La Señora Catherine se sentó a mi lado y, la verdad, a priori me recordó más a Margaret Thatcher que a la dulce abuelita en la que terminó. Era seria, estirada y con las comisuras de los labios hundidas debajo de la barbilla. Vaya, que era muy inglesa. O, más bien, lo parecía, porque en realidad era francesa. “Francesa criada en Londres”, nos dijo. Su preciosa historia empieza, creo, en 1987, cuando entró al teatro a ver el musical de ‘Los Miserables’, días antes de tener que emigrar a Francia por motivos de trabajo. “Fue tan bonito, todavía cierro los ojos y veo las caras de los actores… La obra de Victor Hugo ha sido vital para mí”.
Resultó que la señora era profesora de Literatura en la Universidad y una enamorada absoluta de ‘Los Miserables’. Fanática, creyente y adoradora del escritor francés. “Yo estuve en el Barbican Centre, hace ya muchos años y -se entrecorta la voz- pensé que nunca volvería a escuchar la voz de Victor Hugo”. Claro que ella había venido muchas veces a Londres desde que marchó a París, pero nunca había tenido oportunidad de volver al teatro: “los amigos, los hijos, los nietos más tarde. Llegué a creer que no llegaría a tiempo, pero entonces murió mi marido”.
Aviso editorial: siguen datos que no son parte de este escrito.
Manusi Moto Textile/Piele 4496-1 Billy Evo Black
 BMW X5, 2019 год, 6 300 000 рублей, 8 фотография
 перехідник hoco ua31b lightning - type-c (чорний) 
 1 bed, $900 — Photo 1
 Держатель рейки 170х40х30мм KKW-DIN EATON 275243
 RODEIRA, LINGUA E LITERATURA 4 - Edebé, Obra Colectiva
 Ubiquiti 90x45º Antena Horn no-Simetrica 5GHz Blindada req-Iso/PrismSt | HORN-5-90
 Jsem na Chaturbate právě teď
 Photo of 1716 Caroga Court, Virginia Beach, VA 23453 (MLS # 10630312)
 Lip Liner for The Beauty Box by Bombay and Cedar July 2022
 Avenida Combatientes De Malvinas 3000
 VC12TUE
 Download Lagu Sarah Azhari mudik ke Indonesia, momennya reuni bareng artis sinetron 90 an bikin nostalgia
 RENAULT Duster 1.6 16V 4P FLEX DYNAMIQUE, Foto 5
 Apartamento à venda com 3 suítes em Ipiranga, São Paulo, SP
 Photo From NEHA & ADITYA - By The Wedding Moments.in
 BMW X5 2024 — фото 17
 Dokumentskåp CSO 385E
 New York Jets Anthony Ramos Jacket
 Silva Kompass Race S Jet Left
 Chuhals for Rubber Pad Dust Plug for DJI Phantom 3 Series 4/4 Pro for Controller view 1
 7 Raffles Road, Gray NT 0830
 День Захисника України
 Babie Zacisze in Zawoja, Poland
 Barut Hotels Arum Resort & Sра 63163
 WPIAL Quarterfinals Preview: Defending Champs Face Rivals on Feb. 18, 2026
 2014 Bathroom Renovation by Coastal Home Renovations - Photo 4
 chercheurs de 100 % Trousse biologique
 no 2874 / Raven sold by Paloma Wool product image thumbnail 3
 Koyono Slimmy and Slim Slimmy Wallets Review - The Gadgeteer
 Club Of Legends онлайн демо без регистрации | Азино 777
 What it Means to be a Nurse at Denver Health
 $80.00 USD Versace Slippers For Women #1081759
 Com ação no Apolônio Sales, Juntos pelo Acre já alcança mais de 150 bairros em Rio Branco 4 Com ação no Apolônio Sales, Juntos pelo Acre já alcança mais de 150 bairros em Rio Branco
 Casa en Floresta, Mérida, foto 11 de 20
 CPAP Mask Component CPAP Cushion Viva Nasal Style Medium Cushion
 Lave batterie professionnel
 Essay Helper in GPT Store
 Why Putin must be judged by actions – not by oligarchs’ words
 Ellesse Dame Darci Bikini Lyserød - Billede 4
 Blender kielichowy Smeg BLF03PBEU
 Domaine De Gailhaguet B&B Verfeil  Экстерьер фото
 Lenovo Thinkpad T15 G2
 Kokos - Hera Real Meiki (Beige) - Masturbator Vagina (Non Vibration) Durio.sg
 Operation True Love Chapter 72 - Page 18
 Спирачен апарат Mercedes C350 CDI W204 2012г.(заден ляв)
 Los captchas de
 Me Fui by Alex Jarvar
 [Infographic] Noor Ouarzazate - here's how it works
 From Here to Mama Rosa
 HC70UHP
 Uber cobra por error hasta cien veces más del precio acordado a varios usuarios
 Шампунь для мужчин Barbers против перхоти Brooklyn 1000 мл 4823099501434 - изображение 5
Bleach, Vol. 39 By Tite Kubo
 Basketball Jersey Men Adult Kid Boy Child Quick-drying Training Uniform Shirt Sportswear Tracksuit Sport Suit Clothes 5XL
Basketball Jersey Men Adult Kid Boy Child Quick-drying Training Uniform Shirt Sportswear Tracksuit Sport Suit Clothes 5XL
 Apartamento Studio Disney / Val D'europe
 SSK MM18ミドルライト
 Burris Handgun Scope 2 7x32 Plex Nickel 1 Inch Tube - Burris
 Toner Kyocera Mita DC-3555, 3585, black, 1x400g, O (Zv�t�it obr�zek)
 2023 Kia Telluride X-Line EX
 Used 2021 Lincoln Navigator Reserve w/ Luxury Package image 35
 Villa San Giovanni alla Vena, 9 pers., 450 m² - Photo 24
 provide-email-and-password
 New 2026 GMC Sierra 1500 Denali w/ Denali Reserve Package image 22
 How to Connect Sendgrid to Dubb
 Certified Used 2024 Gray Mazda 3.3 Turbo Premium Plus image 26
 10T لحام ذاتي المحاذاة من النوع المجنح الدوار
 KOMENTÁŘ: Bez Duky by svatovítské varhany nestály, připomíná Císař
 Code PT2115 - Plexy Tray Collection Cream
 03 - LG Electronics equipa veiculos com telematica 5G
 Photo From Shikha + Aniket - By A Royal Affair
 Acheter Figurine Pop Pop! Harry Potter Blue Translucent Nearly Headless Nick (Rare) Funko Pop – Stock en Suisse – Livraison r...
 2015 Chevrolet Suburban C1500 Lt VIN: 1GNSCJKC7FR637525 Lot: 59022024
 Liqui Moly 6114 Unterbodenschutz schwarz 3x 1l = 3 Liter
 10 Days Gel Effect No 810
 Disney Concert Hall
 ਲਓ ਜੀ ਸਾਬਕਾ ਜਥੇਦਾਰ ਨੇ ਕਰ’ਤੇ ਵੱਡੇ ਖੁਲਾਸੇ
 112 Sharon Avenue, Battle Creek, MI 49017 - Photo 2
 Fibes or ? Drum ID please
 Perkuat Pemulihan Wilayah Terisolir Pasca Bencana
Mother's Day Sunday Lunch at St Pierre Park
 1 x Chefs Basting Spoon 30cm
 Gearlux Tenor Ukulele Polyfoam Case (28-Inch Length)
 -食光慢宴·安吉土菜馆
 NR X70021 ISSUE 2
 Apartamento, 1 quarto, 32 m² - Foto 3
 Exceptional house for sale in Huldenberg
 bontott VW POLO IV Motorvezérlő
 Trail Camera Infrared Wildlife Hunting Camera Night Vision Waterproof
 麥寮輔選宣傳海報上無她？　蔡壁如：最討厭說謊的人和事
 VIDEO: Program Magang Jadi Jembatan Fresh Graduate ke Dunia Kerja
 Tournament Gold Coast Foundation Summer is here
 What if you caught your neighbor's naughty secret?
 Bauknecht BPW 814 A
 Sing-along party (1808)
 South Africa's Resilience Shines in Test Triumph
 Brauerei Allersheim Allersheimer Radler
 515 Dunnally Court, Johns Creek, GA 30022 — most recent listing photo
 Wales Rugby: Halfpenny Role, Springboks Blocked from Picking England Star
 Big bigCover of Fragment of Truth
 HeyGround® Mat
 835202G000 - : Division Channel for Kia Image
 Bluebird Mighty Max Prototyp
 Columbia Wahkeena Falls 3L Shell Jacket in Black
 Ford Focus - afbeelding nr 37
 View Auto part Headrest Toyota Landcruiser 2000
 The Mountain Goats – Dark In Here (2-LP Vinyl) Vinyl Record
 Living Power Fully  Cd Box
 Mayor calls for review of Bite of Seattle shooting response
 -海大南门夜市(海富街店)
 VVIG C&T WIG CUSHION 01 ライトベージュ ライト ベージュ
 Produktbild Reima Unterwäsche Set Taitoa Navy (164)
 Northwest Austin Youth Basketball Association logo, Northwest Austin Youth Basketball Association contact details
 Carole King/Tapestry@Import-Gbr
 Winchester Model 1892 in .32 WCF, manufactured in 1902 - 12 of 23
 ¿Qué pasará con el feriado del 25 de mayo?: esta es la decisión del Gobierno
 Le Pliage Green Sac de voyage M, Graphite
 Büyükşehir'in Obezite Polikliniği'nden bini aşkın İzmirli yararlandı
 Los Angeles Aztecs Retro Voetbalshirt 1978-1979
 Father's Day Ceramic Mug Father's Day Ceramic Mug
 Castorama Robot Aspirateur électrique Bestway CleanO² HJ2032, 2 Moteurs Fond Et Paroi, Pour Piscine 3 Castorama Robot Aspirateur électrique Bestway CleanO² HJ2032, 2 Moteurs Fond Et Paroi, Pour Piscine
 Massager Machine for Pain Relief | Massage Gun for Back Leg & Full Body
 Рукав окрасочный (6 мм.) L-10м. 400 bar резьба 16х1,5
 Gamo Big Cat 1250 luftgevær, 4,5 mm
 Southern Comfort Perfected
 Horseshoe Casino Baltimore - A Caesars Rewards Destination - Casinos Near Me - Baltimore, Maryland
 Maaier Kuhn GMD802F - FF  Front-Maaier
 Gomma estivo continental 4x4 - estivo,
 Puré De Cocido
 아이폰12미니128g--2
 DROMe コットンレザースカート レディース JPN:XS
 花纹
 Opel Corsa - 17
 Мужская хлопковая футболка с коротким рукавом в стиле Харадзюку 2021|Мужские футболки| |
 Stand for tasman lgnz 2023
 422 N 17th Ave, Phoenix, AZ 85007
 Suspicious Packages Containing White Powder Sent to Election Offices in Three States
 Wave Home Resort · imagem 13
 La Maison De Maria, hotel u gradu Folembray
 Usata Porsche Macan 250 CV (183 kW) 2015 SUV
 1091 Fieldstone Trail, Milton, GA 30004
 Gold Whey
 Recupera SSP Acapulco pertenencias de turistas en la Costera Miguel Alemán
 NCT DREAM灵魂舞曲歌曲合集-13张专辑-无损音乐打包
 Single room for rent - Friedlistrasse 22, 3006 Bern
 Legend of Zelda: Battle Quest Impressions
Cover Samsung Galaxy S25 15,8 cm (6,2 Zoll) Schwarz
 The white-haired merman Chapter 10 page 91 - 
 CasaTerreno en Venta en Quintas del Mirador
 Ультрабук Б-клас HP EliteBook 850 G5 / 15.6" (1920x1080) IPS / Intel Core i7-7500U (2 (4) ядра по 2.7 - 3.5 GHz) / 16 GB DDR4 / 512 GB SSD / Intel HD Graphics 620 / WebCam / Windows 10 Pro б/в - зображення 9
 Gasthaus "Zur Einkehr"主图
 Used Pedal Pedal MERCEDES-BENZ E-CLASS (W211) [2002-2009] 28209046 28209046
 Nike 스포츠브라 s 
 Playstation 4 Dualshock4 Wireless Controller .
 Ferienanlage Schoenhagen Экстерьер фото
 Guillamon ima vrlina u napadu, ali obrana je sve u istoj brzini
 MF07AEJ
No nos explicó la relación entre volver al teatro y su marido, pero no me costó imaginarles a los dos, veinte años atrás, disfrutando del “I dreamed a dream”, escribiendo una especie de promesa no pronunciada pero tácita en las horas. La Señora Catherine empezó a llorar nada más subir el telón y no paró hasta la última nota musical. Y, como si hubiera notado mi curiosidad, como si sintiera que debía hacerlo, se giró, tras la ovación final, para contarme su sincero amor por Victor Hugo. Llevaba mucho tiempo queriendo escribir esta historia y Tom Hooper me ha dado la excusa. Me pregunto si la Señora Catherine sigue viva; me pregunto si ya habrá comprado su entrada para ir al cine.